-- TASK DATA follows --
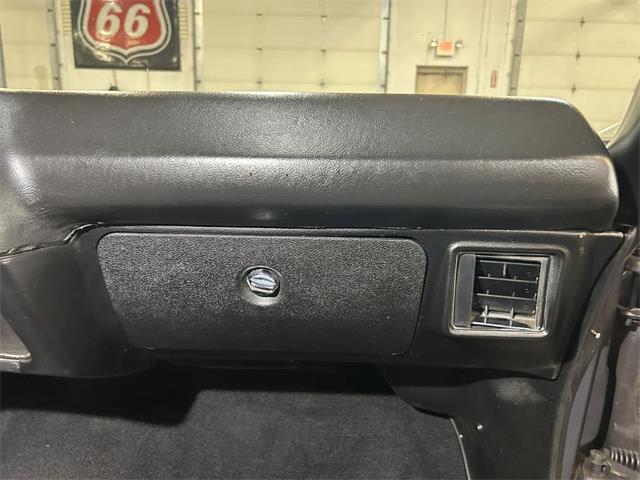 1972 Chevrolet Chevelle (CC-2070787) for sale in Ham Lake, Minnesota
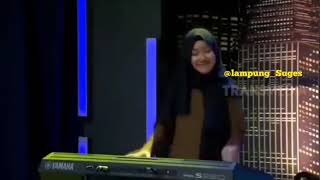 DJ Lampung Ter baru 20019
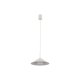 Lampa wisząca LUME S KASZMIR 11279 TK Lighting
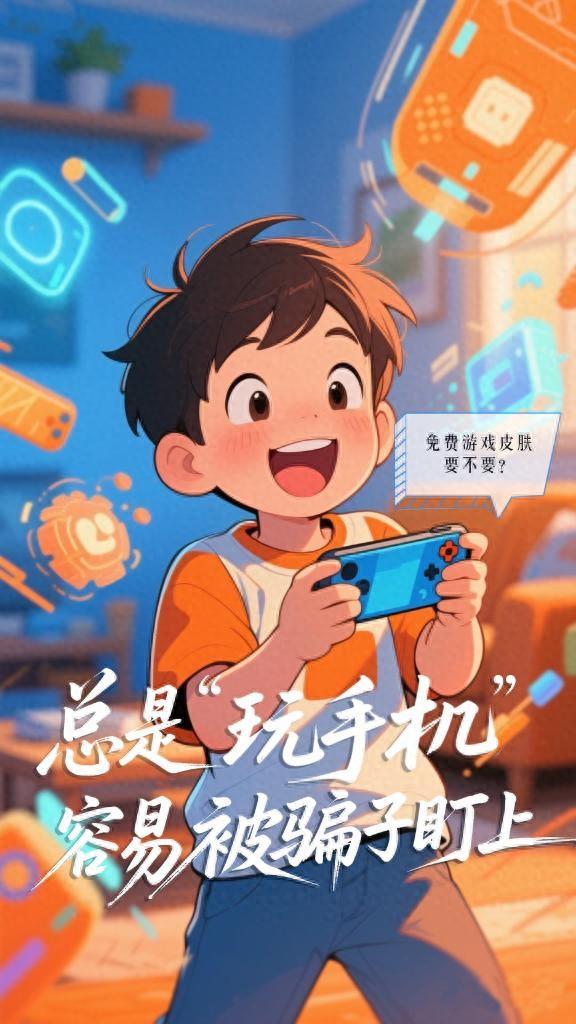 生活观察丨“超长暑假”来了,这些事家长要格外留心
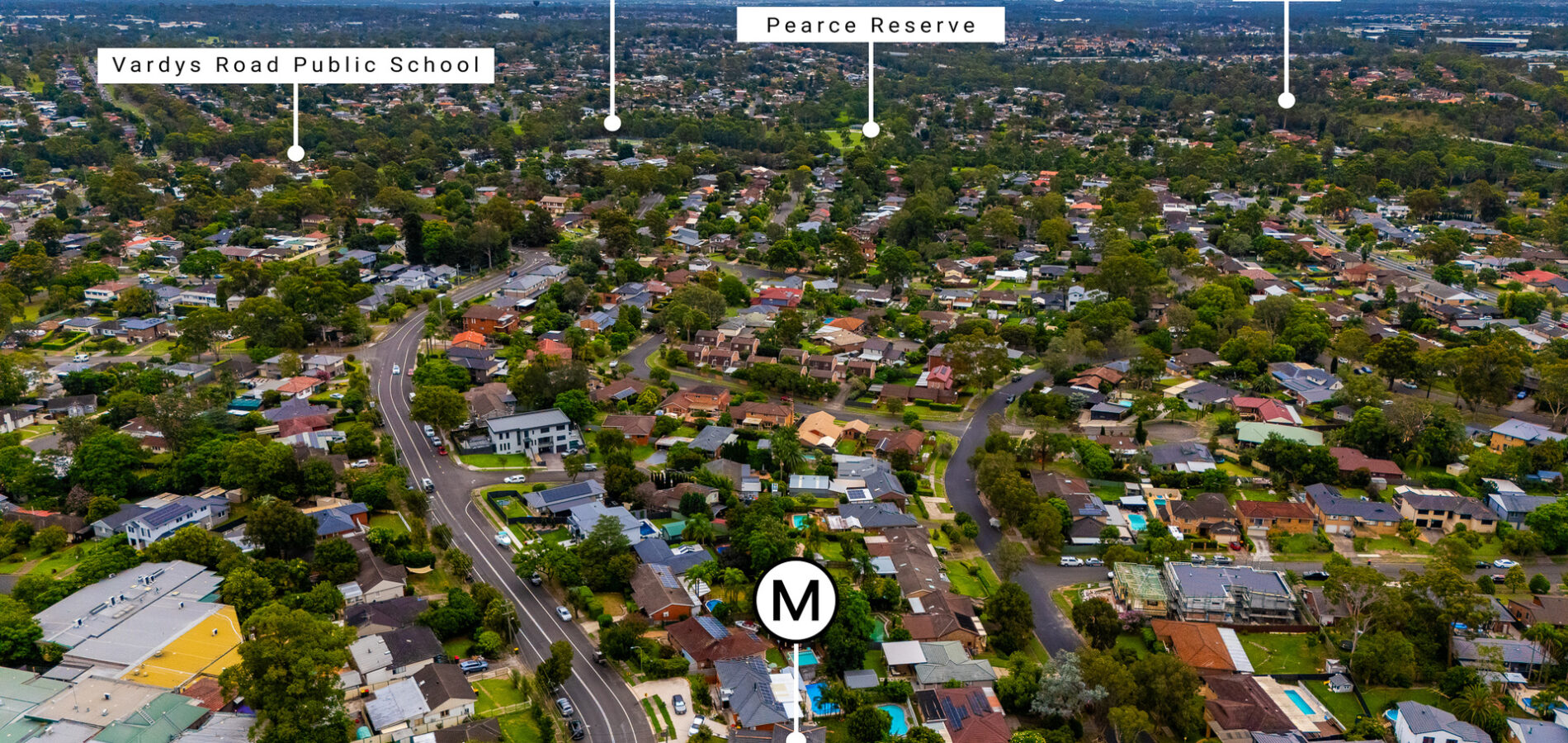 Sold - 87A Solander Road - New Property in Kings Langley - Real Estate by Kim McChlery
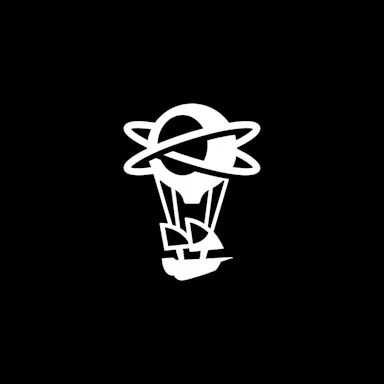 Niantic logo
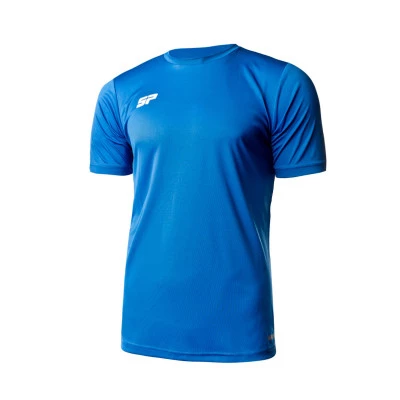 Jersey Valor m/c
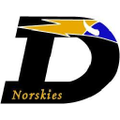 deforest area school district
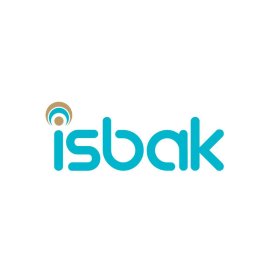 Jinko Solar Logo Png | Jinko Solar Logo Vector | Solar Radiance  |  Jinko Energy  |  Innovative Power  |  Global Reach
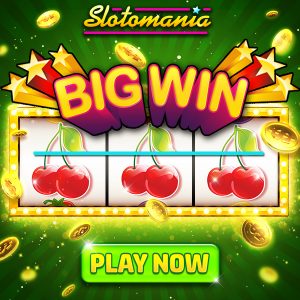 Main objectives of free slots games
-- TASK DATA concluded --
* EXERCISE AIM
Pictures are to be omitted. The lines from the line holding "Niantic logo" through the closing line of the data above are to be set down exactly, and nothing more.

* SOLUTION FOR THIS TASK
 Niantic logo
 Jersey Valor m/c
 deforest area school district
 Jinko Solar Logo Png | Jinko Solar Logo Vector | Solar Radiance  |  Jinko Energy  |  Innovative Power  |  Global Reach
 Main objectives of free slots games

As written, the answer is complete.